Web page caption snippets

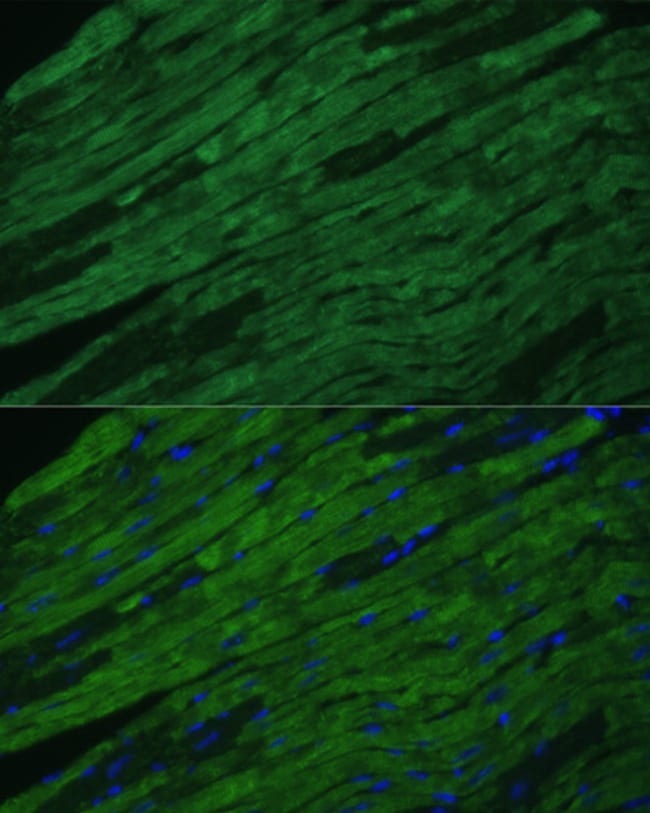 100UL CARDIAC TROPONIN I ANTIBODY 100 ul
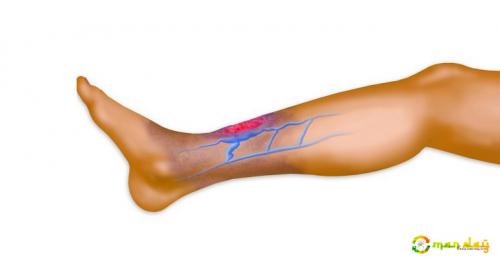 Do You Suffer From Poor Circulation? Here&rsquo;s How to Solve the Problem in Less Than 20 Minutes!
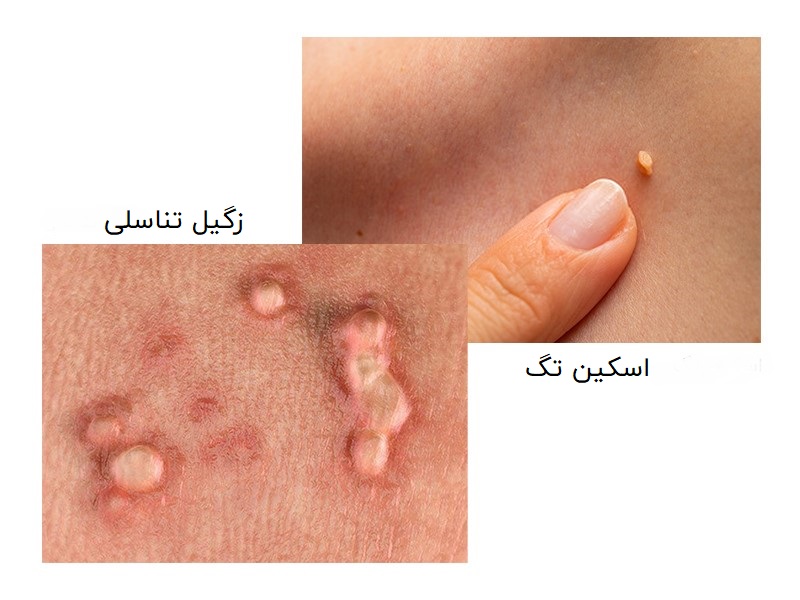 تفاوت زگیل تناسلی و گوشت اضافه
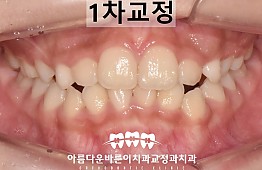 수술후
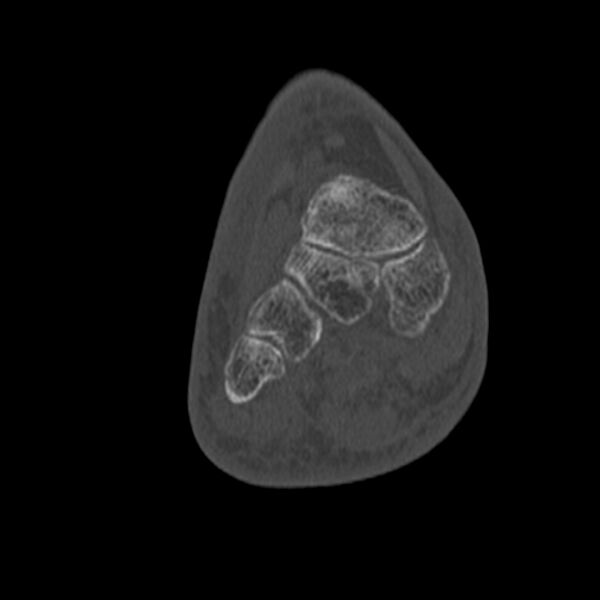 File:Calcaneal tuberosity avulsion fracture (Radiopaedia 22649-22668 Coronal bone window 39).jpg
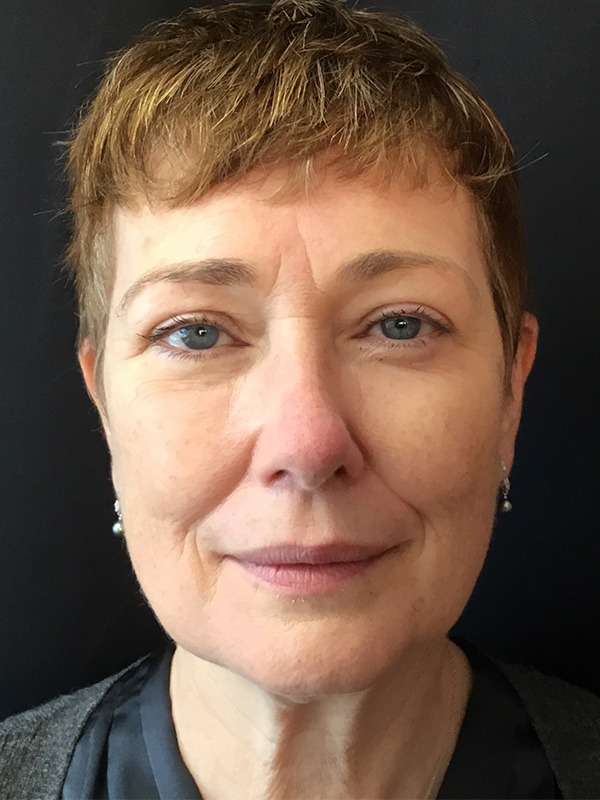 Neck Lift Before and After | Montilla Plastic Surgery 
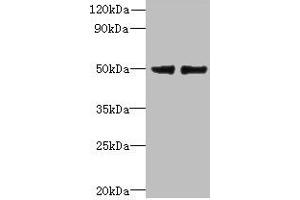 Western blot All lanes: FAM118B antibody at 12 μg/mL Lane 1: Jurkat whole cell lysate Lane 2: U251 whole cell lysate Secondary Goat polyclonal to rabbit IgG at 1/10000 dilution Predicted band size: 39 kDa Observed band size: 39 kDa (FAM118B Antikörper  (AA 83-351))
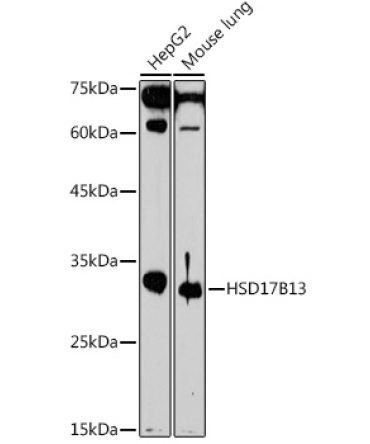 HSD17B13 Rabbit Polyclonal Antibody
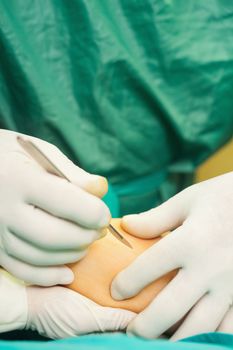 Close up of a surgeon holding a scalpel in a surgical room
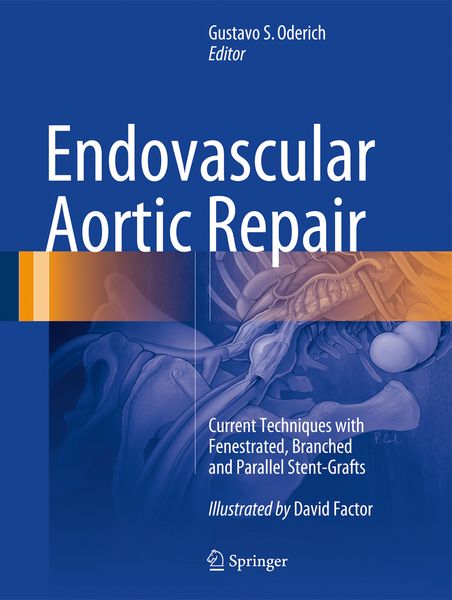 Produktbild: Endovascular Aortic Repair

__TASK__
Would you mind returning each entry above word for word, skipping the images?

__EXERCISE RESPONSE__
 100UL CARDIAC TROPONIN I ANTIBODY 100 ul
 Do You Suffer From Poor Circulation? Here&rsquo;s How to Solve the Problem in Less Than 20 Minutes!
 تفاوت زگیل تناسلی و گوشت اضافه
 수술후
 File:Calcaneal tuberosity avulsion fracture (Radiopaedia 22649-22668 Coronal bone window 39).jpg
 Neck Lift Before and After | Montilla Plastic Surgery 
 Western blot All lanes: FAM118B antibody at 12 μg/mL Lane 1: Jurkat whole cell lysate Lane 2: U251 whole cell lysate Secondary Goat polyclonal to rabbit IgG at 1/10000 dilution Predicted band size: 39 kDa Observed band size: 39 kDa (FAM118B Antikörper  (AA 83-351))
 HSD17B13 Rabbit Polyclonal Antibody
 Close up of a surgeon holding a scalpel in a surgical room
 Produktbild: Endovascular Aortic Repair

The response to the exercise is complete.